Apache Spark-A Brief Overview
What is Apache Spark ?
- Meant for faster Cluster computing framework.
- Spark enables applications in Hadoop clusters to run up to 100 times faster in memory and 10 times faster even when running on disk.
- Enable to write application in Java, Scala or python.
- Big Data Processing framework
- Provide comprehensive, unified framework to manage big data processing requirements with a variety of data sets that are diverse in nature. Eg : Google – 100Pb, eBay – 100Pb,Facebook-600 Tb per day.
- Spark is being adopted by major players like Amazon, eBay, and Yahoo!.
Hadoop and Spark
- Hadoop is one of the big data processing technologies present since 10 years.

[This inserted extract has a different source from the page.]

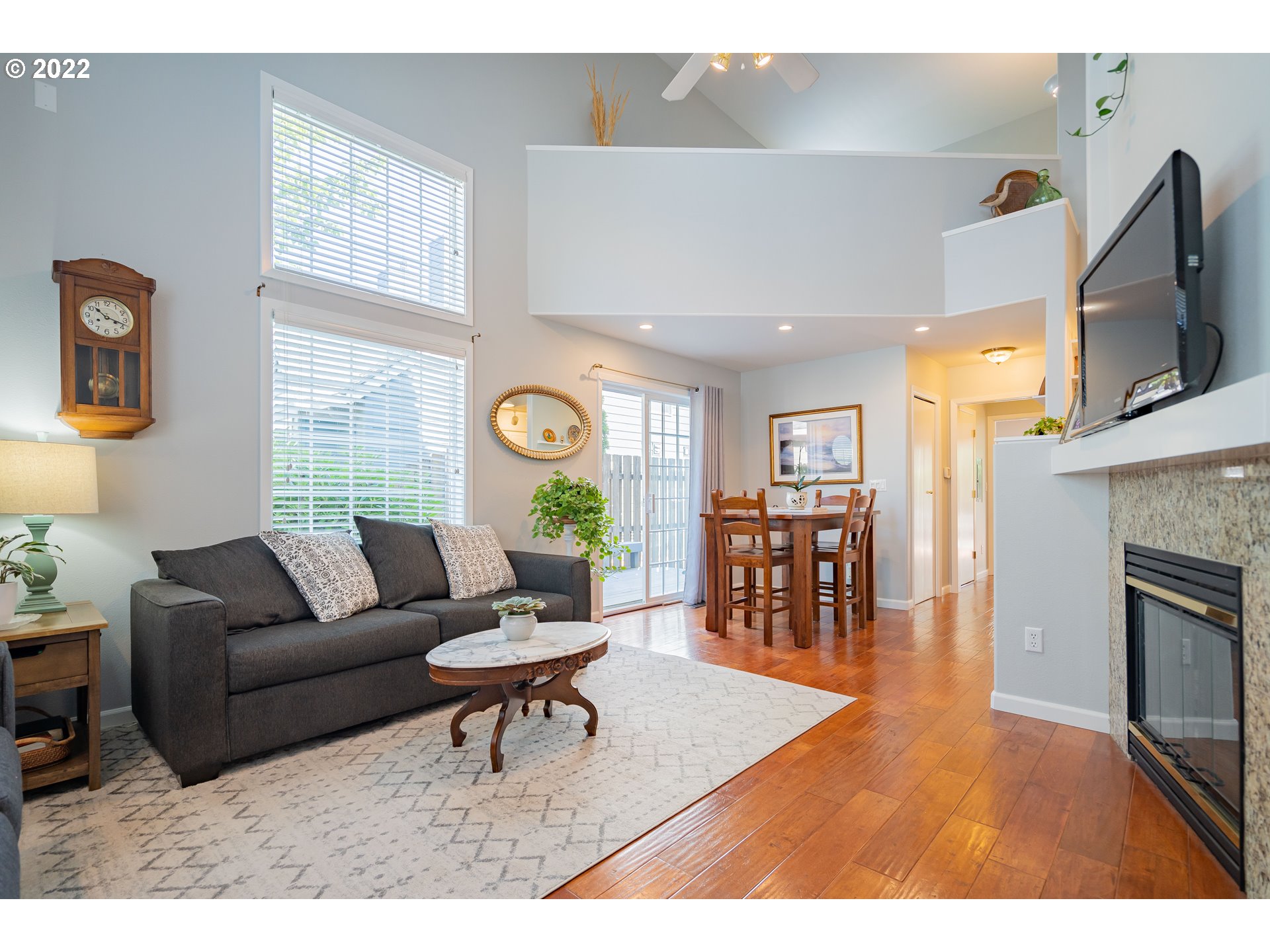 Photo #2: 22255588 Listing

- Use linear model to process data.
- Use MapReduce cycle and disk writes to process data hence slow.
- Spark provide InMemory data processing in Cluster.
- Spark holds intermediate results in memory rather than writing them to disk which is very useful especially when you need to work on the same dataset multiple times.
- Spark operators perform external operations when data does not fit in memory.
- Provide High level API in Scala, Java and Python to improve developer productivity and consistent architecture model for Big Data processing.
- Till now fastest open source engine for sorting a petabyte.
Spark at Yahoo
- One for personalizing news pages for Web visitorsAnother for running analytics for advertising.
- Another for running analytics for advertising.
- Yahoo has two Spark projects in the works.
- To achieve this Yahoo (a major contributor to Apache Spark) wrote a Spark ML (machine learning) algorithm in Scala.
- With just 30 minutes of training on a large, hundred million record data set, the Scala ML algorithm was ready for business.